→ **Source data**
____________
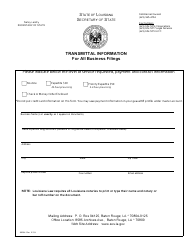 Form SS366 Limited Liability Company Supplemental Initial Report - Louisiana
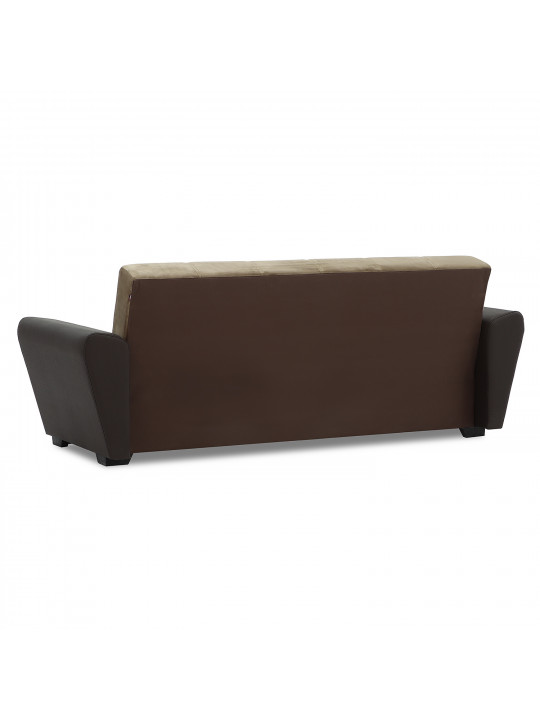 sofa HOBEL MODERN ECONOM BROWN 3673/LIGHT BROWN LETTO 2607 (2)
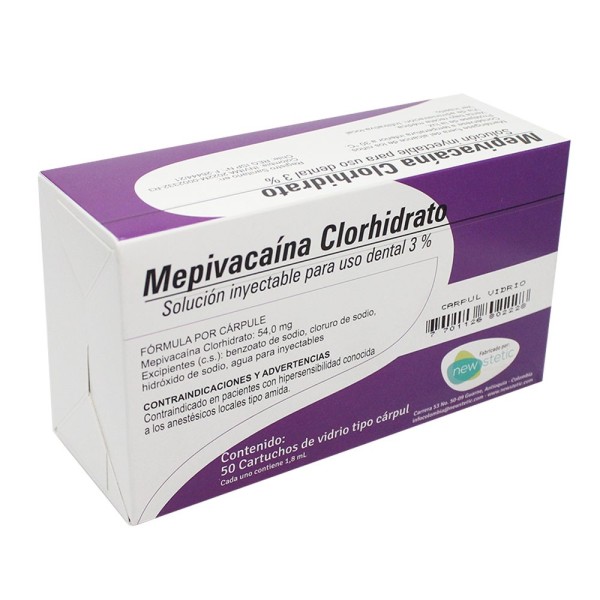 Anestesia Dental Mepivacaína 3% New Stetic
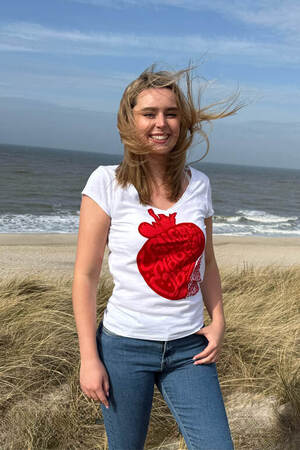 T-Shirt Modell Strawberry, white, 3XL T-Shirt Modell Strawberry, white, 3XL
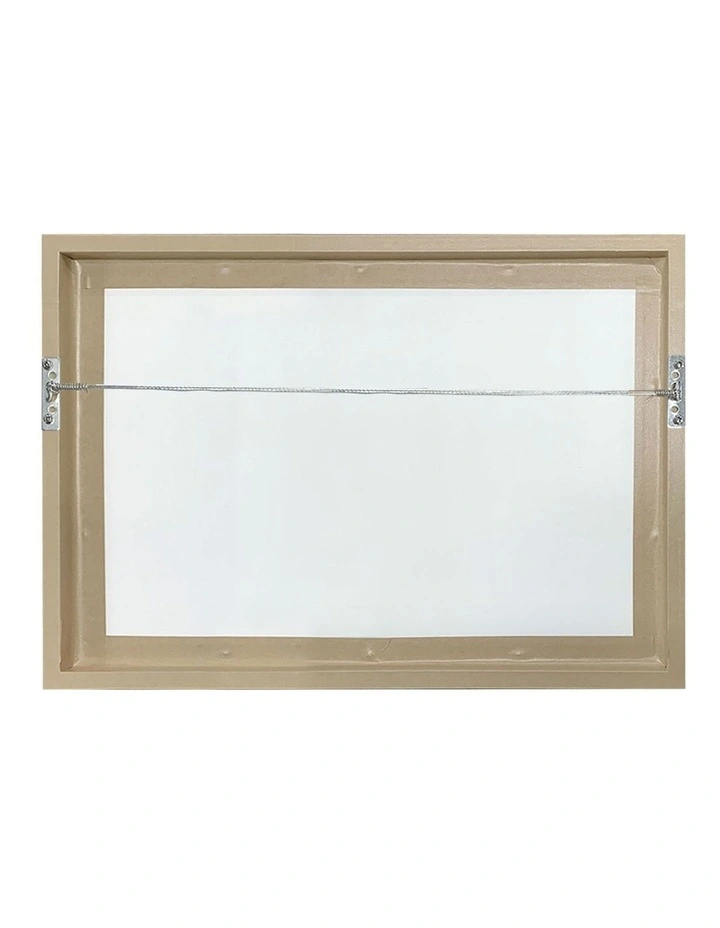 Australian Made Gold Light Abstract Print in White image 4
____________
→ **Directions for this task**
Copy out all the data above exactly as written. Skip the pictures.

→ **Exercise output**
 Form SS366 Limited Liability Company Supplemental Initial Report - Louisiana
 sofa HOBEL MODERN ECONOM BROWN 3673/LIGHT BROWN LETTO 2607 (2)
 Anestesia Dental Mepivacaína 3% New Stetic
 T-Shirt Modell Strawberry, white, 3XL T-Shirt Modell Strawberry, white, 3XL
 Australian Made Gold Light Abstract Print in White image 4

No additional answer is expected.